Prabhupada was so thin. He was like a skeleton, because he had not eaten much for such a long time.
So he said,
“You push harder.”
I was thinking that Prabhupada so frail, and that I am so big, that if I pushed harder, I might hurt him.
Prabhupada turned to me specifically and said,
“Push. I can take it.”
And I pushed a little bit harder, but again very reserved, Prabhupada said,
“Do not be afraid. Use all your strength.”
So I pushed harder on Prabhupada’s arm which his hands gripped the bed tightly and strongly. I proceeded cautiously to push a little bit harder.
Then Prabhupada said,
“As hard as you can press, I do not mind. So use all your strength.”
Upendra was looking at me and I was looking at him, and we went on pressing, but we were a little afraid. We were pressing quite hare at that point ,and observing that Prabhupada liked it.
“Today I was reading Srimad-bhagavatam, and I was reading that this body does not belong to us. This body does not belong to me. Anyway, Bhagavat said this body at least belongs to the parents who conceived it, or to nature, or to the fire who claims the body at the time of death. In any case, this body does not belong to me, so push as hard as you like. Go on, go on.”

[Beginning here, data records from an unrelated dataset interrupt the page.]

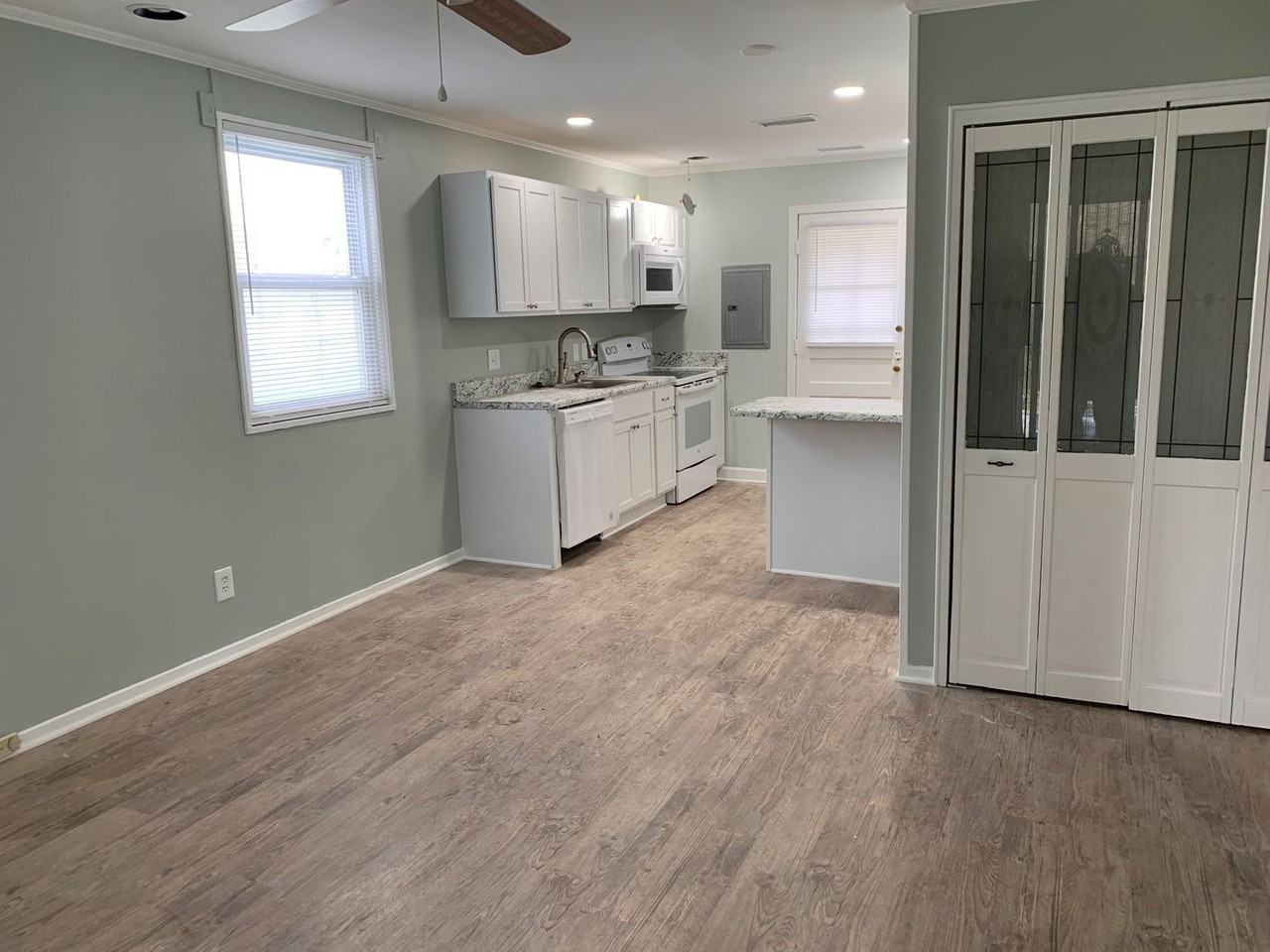 614 N Tremont Dr - Photo 2 of 7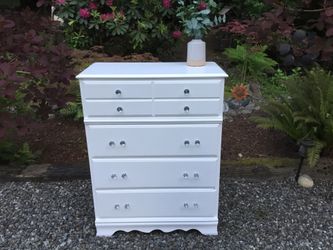 Adorable solid wood 4 drawer dresser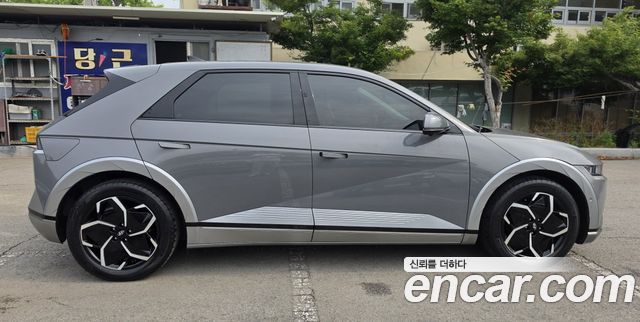 Hyundai Ioniq5 2022 — photo 12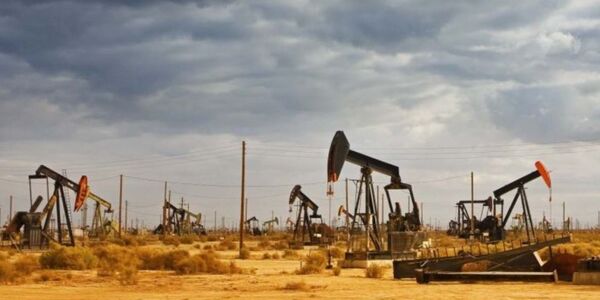 EL PETRÓLEO SE ACERCA A LOS 100 DÓLARES POR PROBLEMAS DE SUMINISTROS Y OPERACIONES APALANCADAS - Itapúa Noticias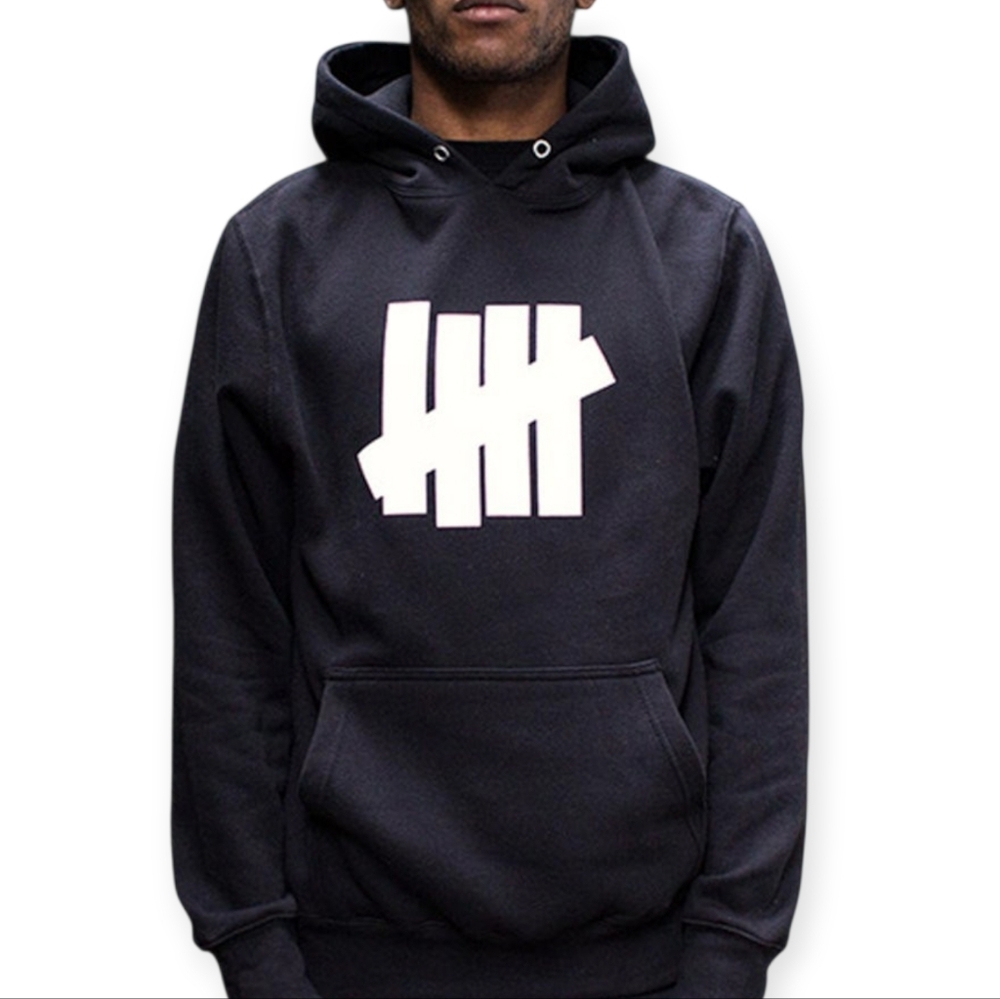 Undefeated 5 Strike Pullover Hoodie Sweater Men's XL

I could see that Prabhupada was not an ordinarily ill man. One day one of his Godbrothers came to see him. And in the first minute, Prabhupada looked at him, smiled and said,
“Now I am an invalid. Already it is a fact that I am invalid.”
Of course Prabhupada was not an invalid. At every moment we could understand that he was surcharged with the spiritual energy. Just like when we carried Prabhupada on his palanquin chair from the first floor to roof for taking rest.
So one day, he was in his chair. I had the back handles, and another boy had the front handles, and we were taking him up to the roof. We were led by Tamal Krishna. Bring up the rear, Upendra is bringing Prabhupada’s lota, and cloth for sleeping. Prabhupada then began to laugh hysterically. And we were all amazed to see that in his condition, how was it possible for him to hysterically be laughing.
Prabhupada was laughing and laughing, and then he turned to all of us and he said,
“Do you want to hear a funny story?”
“Then let’s go upstairs. There I will tell.”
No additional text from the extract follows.